DAZ.online: 250 JAHRE PHARMAZIEGESCHICHTE IM MUSEUM

DAZ.online: 250 JAHRE PHARMAZIEGESCHICHTE IM MUSEUM
BERLIN – 09.11.2018.

Seit Ende Oktober können Interessierte das pharmaziehistorische Privatmuseum „Museum Obertor-Apotheke“ im bayerischen Marktheidenfeld besichtigen. Die Besucher werden auf eine Entdeckungsreise durch 250 Jahre Pharmaziegeschichte geschickt. Das Museum präsentiert in den Räumen der ehemaligen Obertor-Apotheke über 900 Sammlungsgegenstände in historischer Einrichtung.
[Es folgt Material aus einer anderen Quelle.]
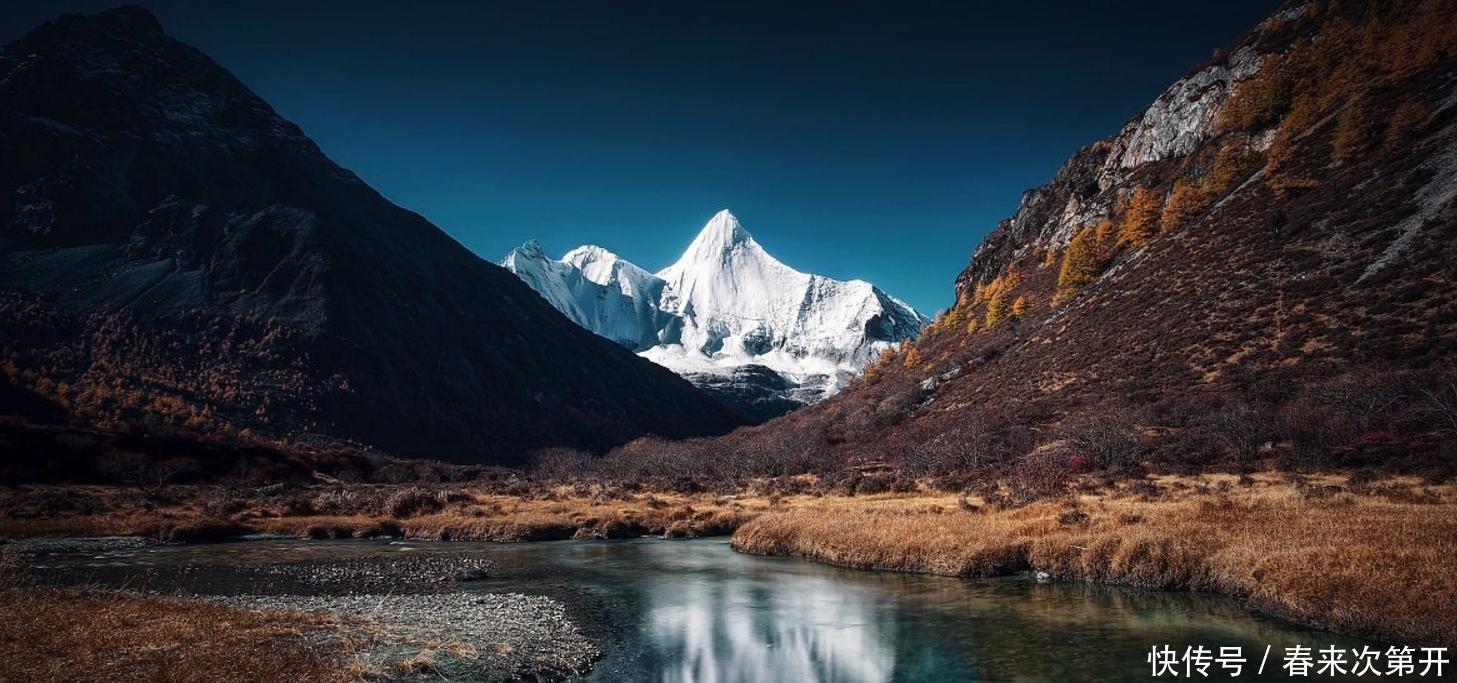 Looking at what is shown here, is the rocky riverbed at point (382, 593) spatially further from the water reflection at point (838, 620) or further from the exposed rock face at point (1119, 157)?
the exposed rock face at point (1119, 157)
Am 27. Oktober dieses Jahres wurde im bayerischen Marktheidenfeld das neue pharmaziehistorische Privatmuseum „Museum Obertor-Apotheke“ eröffnet. Im Mittelpunkt stehen 250 Jahre Apotheken- und Pharmaziegeschichte. Das Museum ist in den Räumlichkeiten der im Jahre 2012 wegen fehlender Rentabilitaät geschlossenen Obertor-Apotheke untergebracht. Museumsleiter – und letzter Besitzer der Obertor-Apotheke – Dr. Eric Martin berichtet DAZ.online von der langen Geschichte der historischen Apotheke, von der Idee zur Museumsgründung, von vielfältiger Unterstützung und langem Atem, die eine Museumsgründung benötige – und einer Ausstellung, in der auf eigene Faust Apothekengeschichte erobert werden könne.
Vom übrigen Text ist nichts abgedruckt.